Developer: Runic Games
Publisher: Runic Games
Platform: PC, PS4 [reviewed]
Number of Players: 1
Regular Price: $20
Release Date: September 26, 2017
Format: Digital only
Hob is an isometric adventure game in the style of Zelda with a focus on exploration and puzzle solving rather than fighting bosses and obtaining items. It's also janky as fuck, but I loved it anyway. I'm not sure where the buzz was for this game during its release, but I remember it being a big deal when it was announced in 2015 because it was the next game from the developers of the beloved Torchlight series. It seems like I heard less and less about it as the years went on, and then one day it was released with no fanfare. I picked up Hob during a sale on the PlayStation store and I'm really glad I did, because it's a delightful game.
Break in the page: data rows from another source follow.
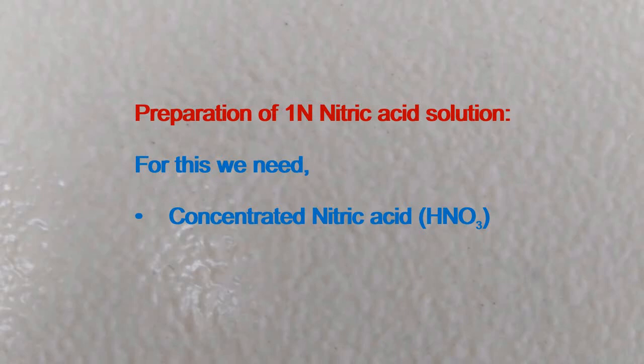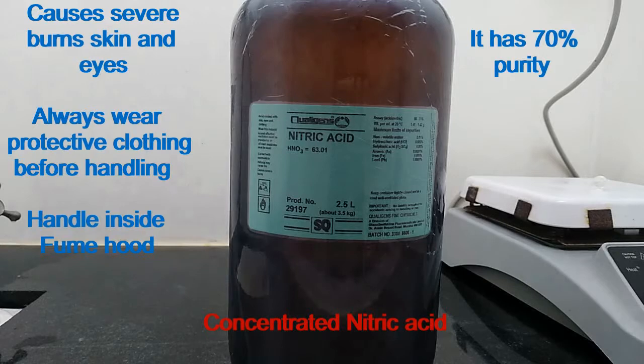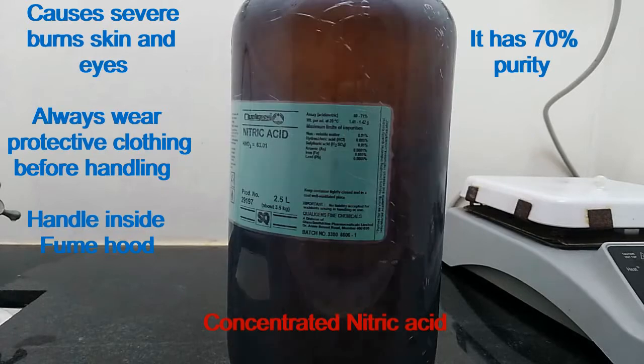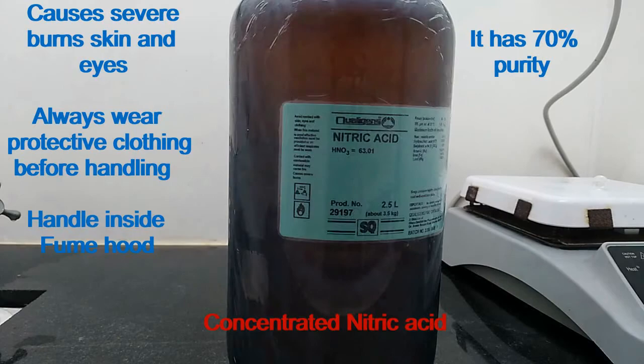Preparation of 1N nitric acid solution. For this we need concentrated nitric acid. This is concentrated nitric acid. See the hazard symbol. It causes severe burns to skin and eyes. So always wear protective clothing before handling and handle inside a fume hood. It has 70% purity.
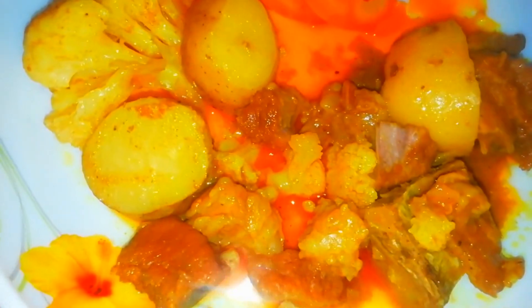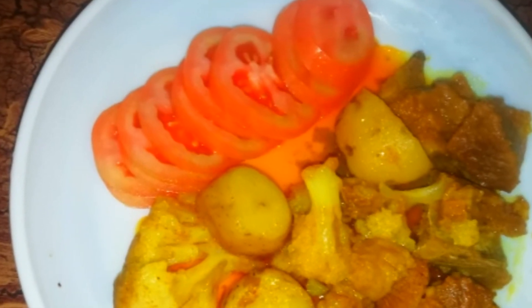আমি হয়তো এরকমই আশা করি। আজ এটুকুই — আপনারা ভালো থাকবেন, সুস্থ থাকবেন। আমাকে দোয়া করবেন, আমি আপনাদেরকেও দোয়া করবো। আপনারা ভালো থাকুন, সর্বদা পরিবারের সাথে ভালো সময় কাটান।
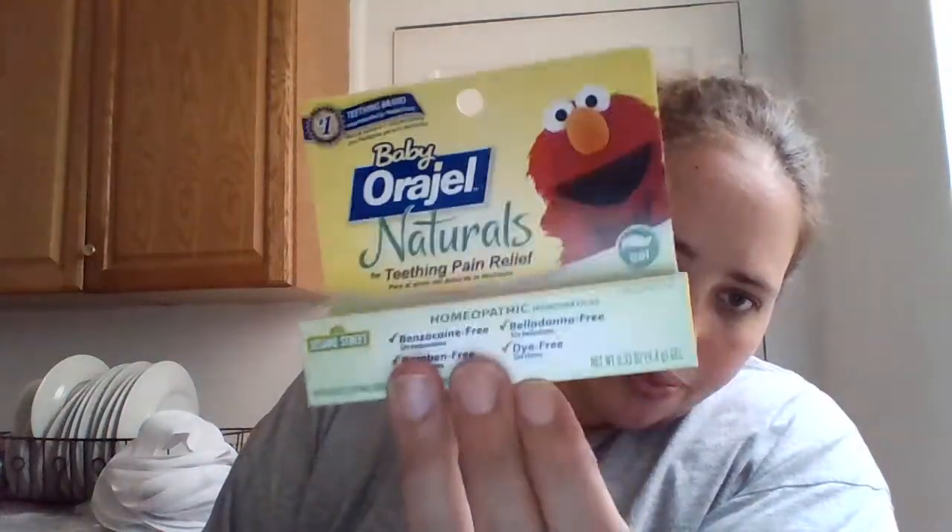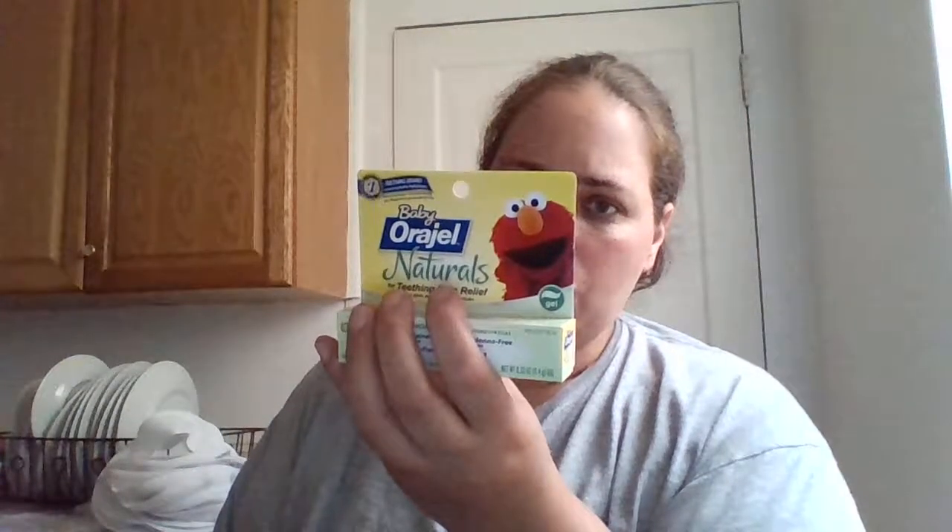We also got a natural teething pain relief homeopathic gel. For children under four months of age, consult your physician — so it's four months and older. We have eleven of those. And these orange baby cups — those are pretty cool too.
Hob has one of the best worlds it has ever been my pleasure to explore. It's beautiful and unique in ways I've never seen in this type of game, as it blends nature and machinery seamlessly together to fascinating effect. It does have what I would call "dungeons" but, really, the entire world is one big puzzle. Literally. You'll piece together the world as you go, with landmasses shifting and clicking into place to open up new areas. As you get further, the world will start to wrap back around on itself creating shortcuts to places you had to go on a wild journey to access the first time. You'll find yourself backtracking to the same areas again, but they've changed this time and new possibilities for exploration have opened up.
Just one of the diverse and fascinating locations in the game.
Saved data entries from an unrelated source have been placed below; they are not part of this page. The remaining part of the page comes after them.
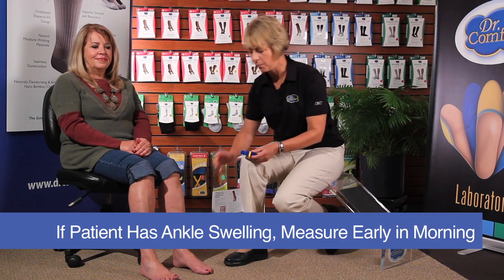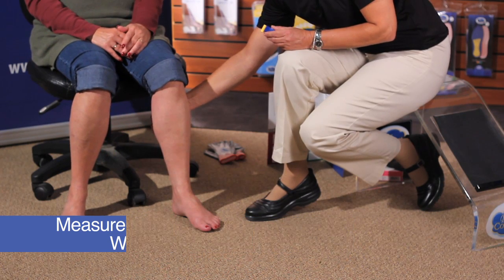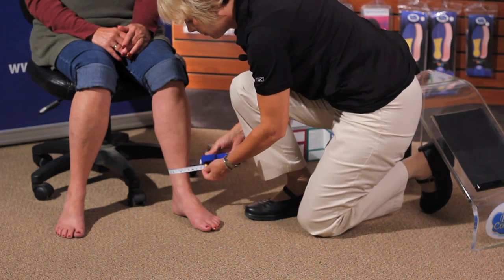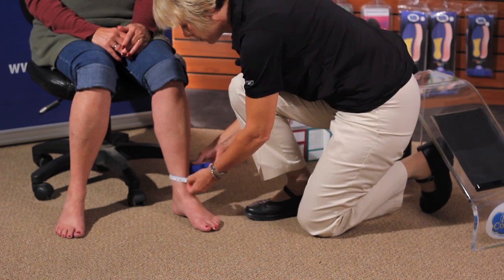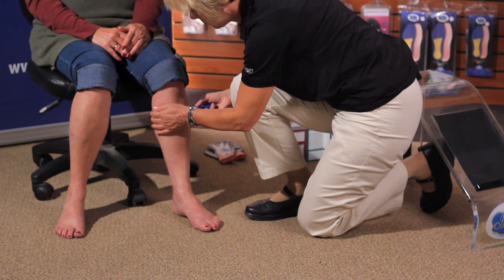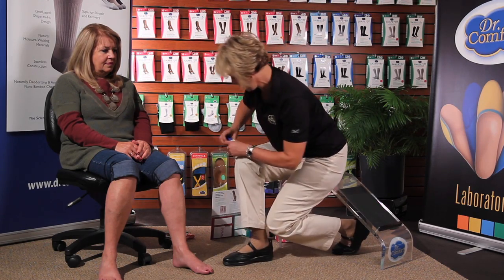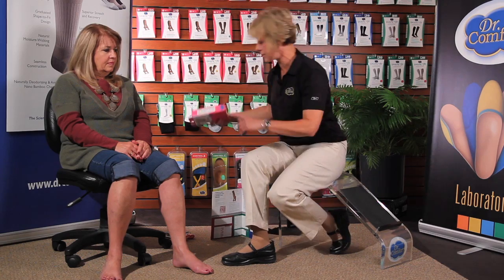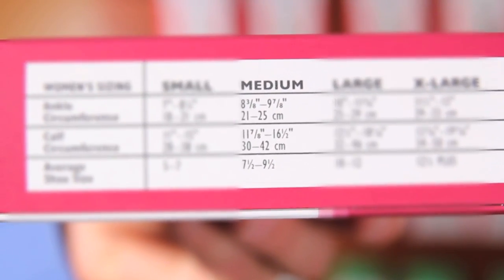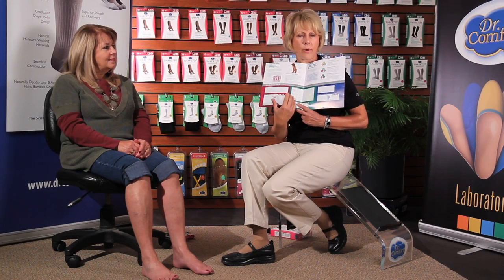When you measure, you want the smallest part of the ankle above the bone and the widest part of the calf. The widest part of the calf can sometimes be found by pushing on the calf muscle. Take your tape measure, measure around the ankle — Kathleen measures nine inches — and the widest part of the calf — Kathleen measures fifteen and a half. Then you can look on your Dr. Comfort Shape-to-Fit box on the side to see the corresponding size. It would be a medium for Kathleen, or you can look in the Dr. Comfort Shape-to-Fit product selection guide.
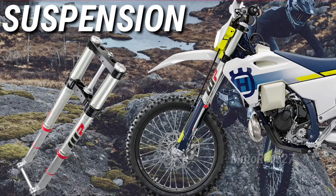WP XACT Front Forks. Each of Husqvarna Motorcycles' Enduro machines is now equipped with WP XACT Closed Cartridge Spring Forks.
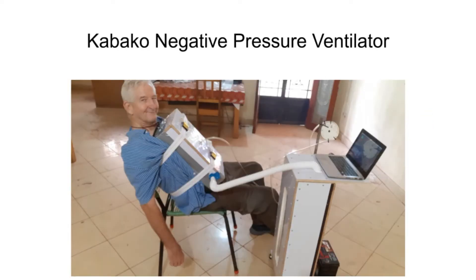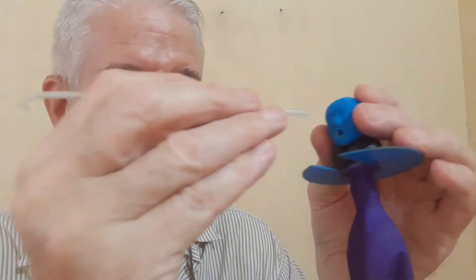This is a picture of the negative pressure ventilator that we have developed at our Kaboko workshop. This is our COVID sufferer — he's having trouble breathing.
The core of Hob is running around, solving puzzles and finding collectibles. There's tons of them, and they come at a good pace so I always felt like I was being rewarded for going out of my way, like in Metroid. Most of the time, the things you'll find will tie into upgrading your character to be more combat-ready. Like I said, the focus isn't on fighting enemies, so the game world isn't flooded with them, but you will encounter them and sometimes be required to defeat them before you can progress. Hob doesn't feature the most complex combat in the world, but it's way more satisfying than something like Zelda (or dare I say, even Hyper Light Drifter) because it's designed to be a little more complex than that. You can dodge, for one thing, perform combos with your sword, and have several different attacks. I enjoyed combating enemies and becoming more powerful, even if it wasn't the point.
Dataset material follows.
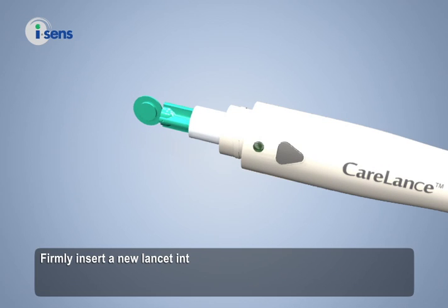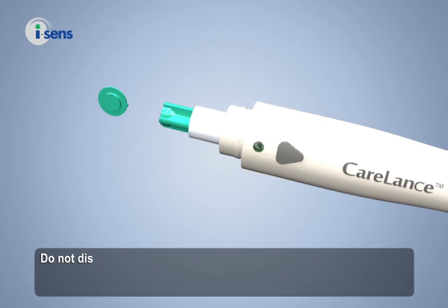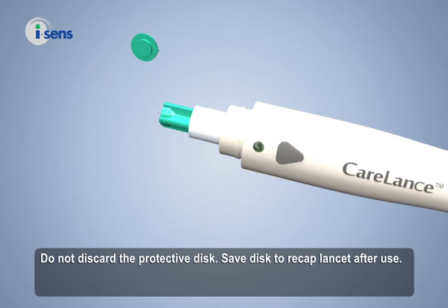Firmly insert a new lancet into the lancet holder. Hold the lancet firmly and gently twist to pull off the protective disc. Do not discard the protective disc — save the disc to recap the lancet after use.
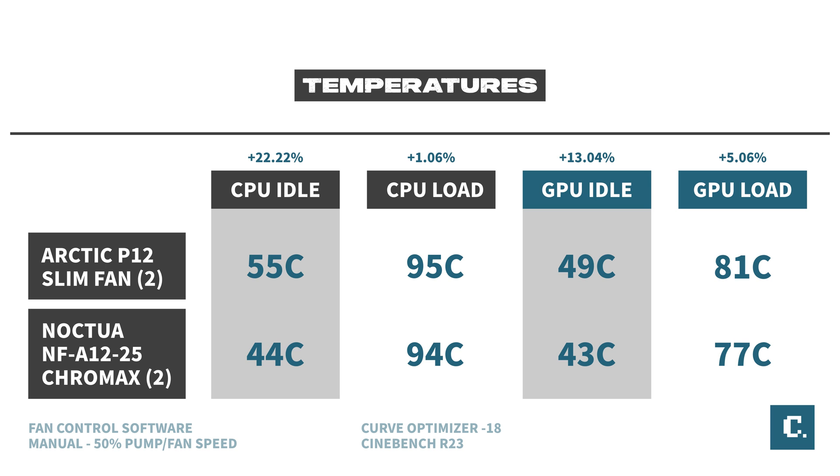I also tested the 50% fan speed option, still with Cinebench R23 and the AutoClock optimization. Here we see the numbers shift a bit — a 22% improvement on CPU idle, about a 1% improvement on CPU load, a 13% improvement on GPU idle, and about 5% improvement on GPU load. The Arctic P12 is still a good option if you have no other choice but to use a slim-profile fan, even though the CPU load does peak at 95 degrees Celsius — AMD states this is right within spec.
But Hob has some serious flaws, which is why I called it janky earlier. For one, there's a lot of weird eccentricities that range from annoying to deadly. You can't hang from ledges, for example, so when you try to drop down your guy will always climb back up, meaning you have to physically jump down from some high spots which can get you killed. I'd often try to grab on to a block to push it only to have my little dude climb on top of it instead. Sometimes, I'd jump onto a sloped surface and go flying off it at mach speed into the ground and explode into chunks. There was one point where every time I traveled to a certain location, the game would play a cutscene, and on one occasion, afterwards, the camera got stuck and wouldn't follow my character. The physics are weird and sometimes I would clip through objects. Strangely, though, rather than fixing this jank the game seems like it was designed around it. Checkpoints where you can respawn are overabundant, and I never lost much progress when I died. Also, there's literally a respawn option in the menu where you can kill yourself if you get stuck somewhere. The whole game from the menus to the gameplay just has a weird lack of polish that seems uncharacteristic compared to the Torchlight series.
The typical view is isometric, but the camera can sometimes zoom out for cinematic effect.
But the worst problem of all seems to be a bug affecting the frame rate. Hob has (or can have) the worst frame rate I have ever encountered while playing a game, at least on the PS4 version. I'm talking single digits sometimes. Adding to the whole game's mystery, though, it doesn't seem to always happen. The first time I played Hob for a couple of hours, everything was fine. The second time I played for a longer period and the longer I played the worse the frame rate got until the game had enough and crashed. Upon restarting everything was normal and remained that way for the rest of my play session. Basically, every few hours I had to restart the game in order to fix the frame rate. At the time of writing, it's been many months since Hob released and the fact that this still isn't fixed means it's probably never going to be fixed. Runic actually shut down in the interim and I'm pretty damn sure their former parent company Perfect World is never going to bother, which is unfortunate.
Having said all that, none of these problems, as serious as they might be, deterred me from completing Hob. I even played it with horrible frame rate for hours because was enjoying exploring the world and solving puzzles so much. So yeah, Hob is janky, unpolished, and probably should spend at least a minute telling you how to play, but it still gets a recommendation from me. There's a great game under all that, and I say it's still worth playing.